Dataset section:
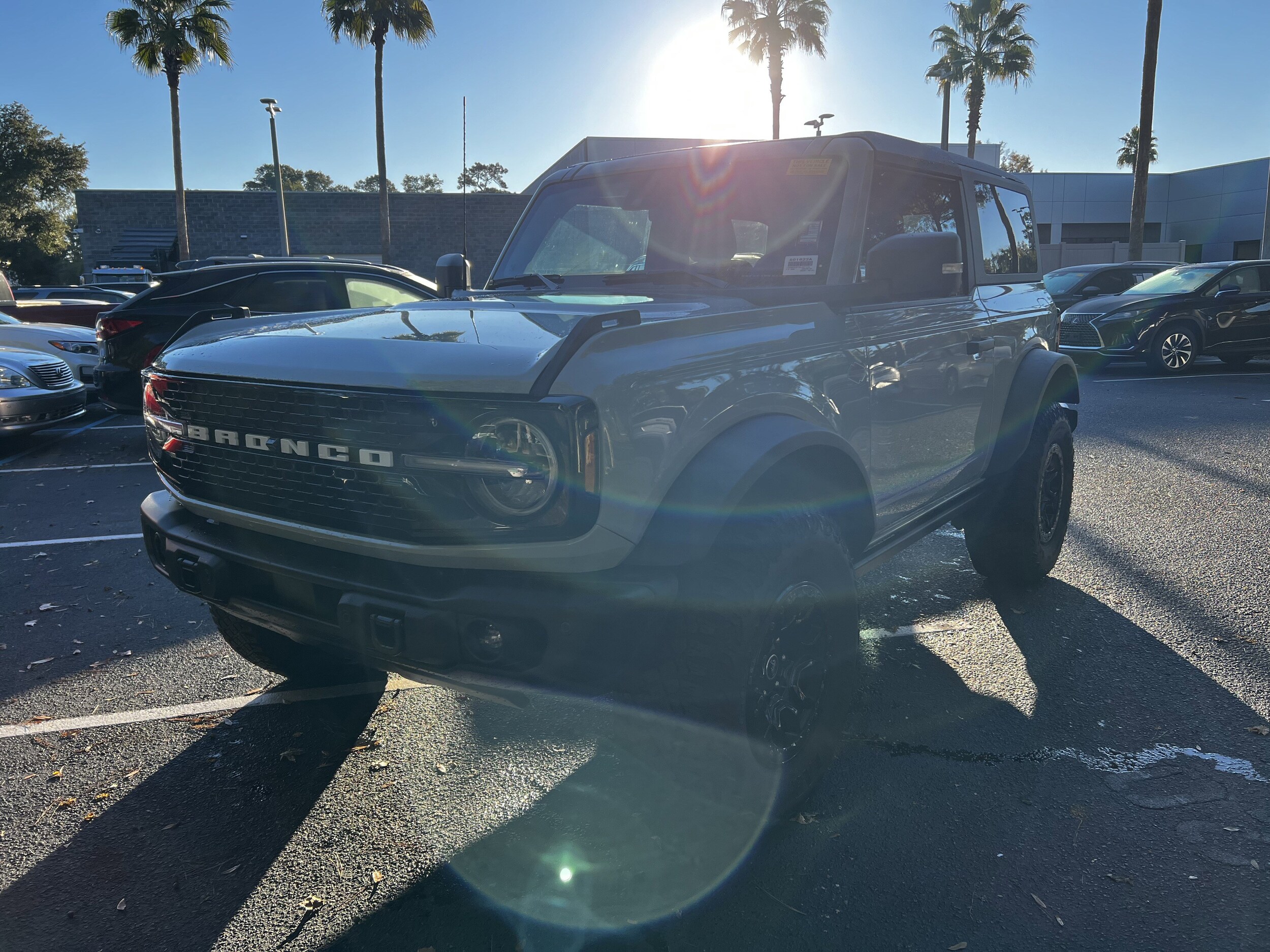 2023 Ford Bronco Base Big Bend Black Diamond Outer Banks Badlands Wildtrak photo 4
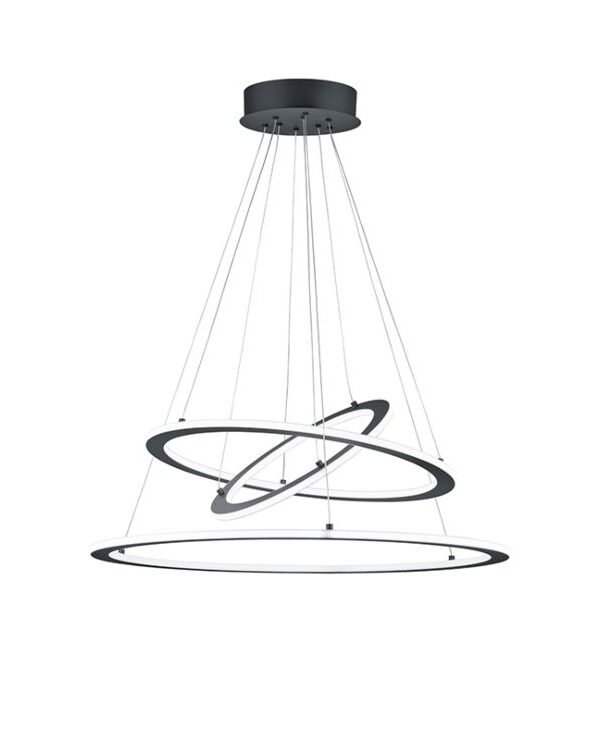 Design hanging lamp gray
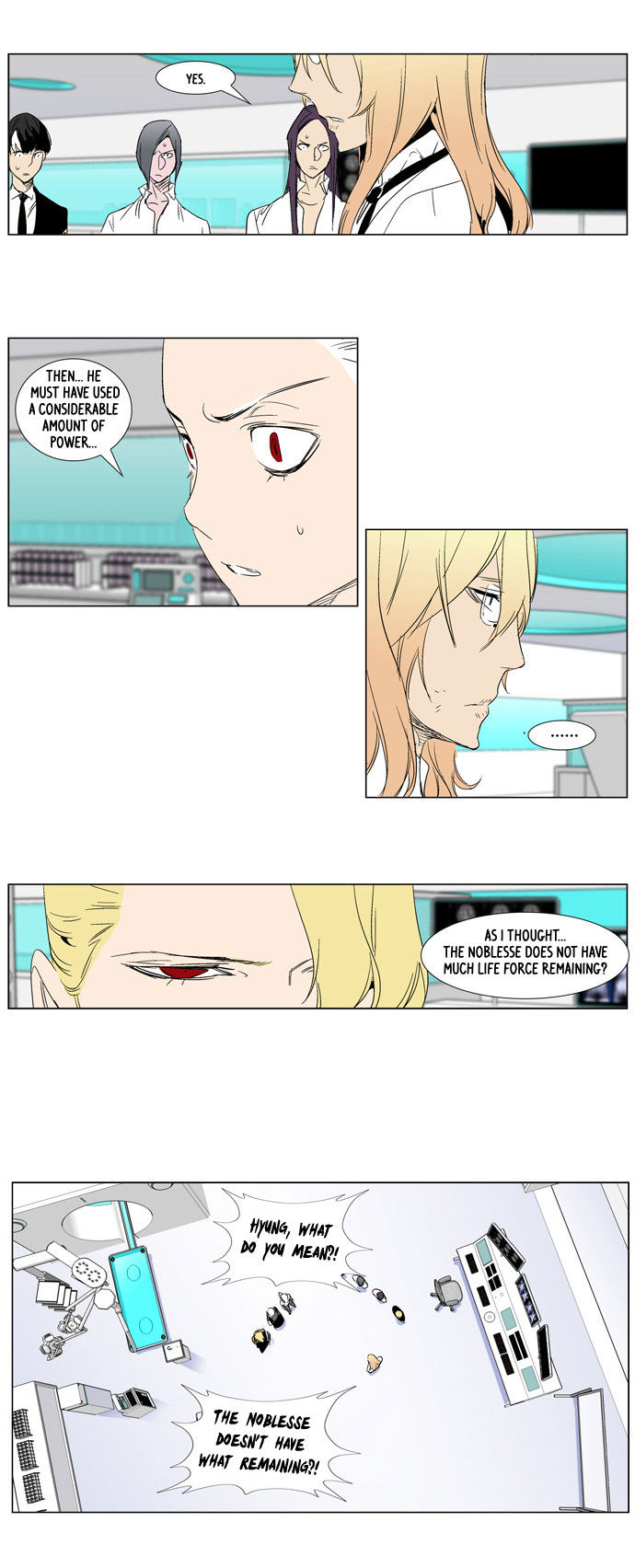 Read Noblesse EN Manga Online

Task description:
Reproduce the lines above exactly, image-free.

Exercise output:
 2023 Ford Bronco Base Big Bend Black Diamond Outer Banks Badlands Wildtrak photo 4
 Design hanging lamp gray
 Read Noblesse EN Manga Online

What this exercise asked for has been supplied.